Monitoring methods have changed over time and meaningful comparisons of the current deer population and those of the past are not possible, he said.

But he has no doubt there are fewer deer.

And not only are the numbers down, the distribution of deer has shifted with more in the low-elevation units like Washougal, Coweeman and Ryderwood and fewer in high-elevation units in the Cascade Mountains.

Given all that, what’s the hunting outlook for 2013?

At least average, Holman said.

The annual March survey in Klickitat County tallied 49 fawns per 100 adults, which is the historical average.

The three Klickitat County game units — West Klickitat, Grayback and East Klickitat — are managed with three-point antler minimums. Grayback and East Klickitat produce about 400 bucks per unit for hunters and West Klickitat about 250 bucks.

“These are three-points, four-points or better,” he said. “They are nice animals. We hear from people that they like seeing some bigger animals and they’ll send us pictures of a nice deer they shot.”

Winter was average in Klickitat County and there is no reason to expect a big decline or increase in deer numbers, he added.

In the Cascades and on the west side of the mountains, the department has less data.

“We don’t have the quantifiable stuff because it’s so darn difficult to see the deer,” Holman said. “Anybody who hunts these things understands that.”
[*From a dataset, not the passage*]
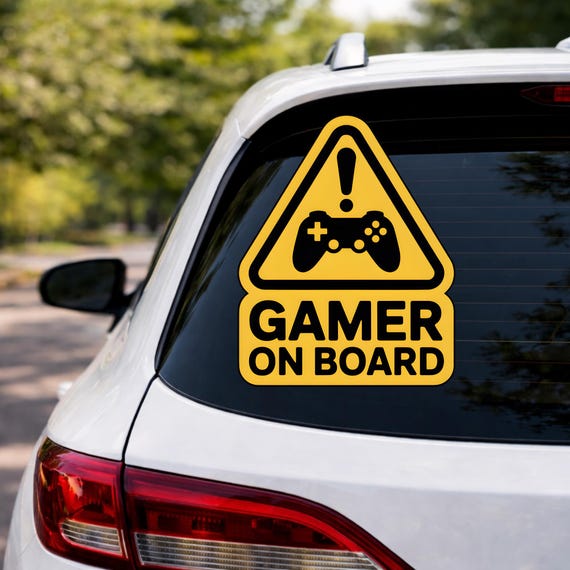 Gamer On Board Sticker, Gaming Car Decal, Gamer Warning Sign, Video Game Lover, Waterproof Outdoor Vinyl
Night spotlight surveys in northern Clark County have counted typical to good numbers of animals.

“We had a mild winter and a relatively pleasant warm and dry spring, which is not common here,” he said. “It should be at least average. It should be OK.”

Dave Ware, game manager for the Department of Fish and Wildlife in Olympia, said winds and rain have improved deer hunting conditions.

“Recent storms have helped to quiet hunters’ footsteps in the forest and blow leaves off the trees for better visibility,” Ware said. “Those are all very positive signs for upcoming seasons.”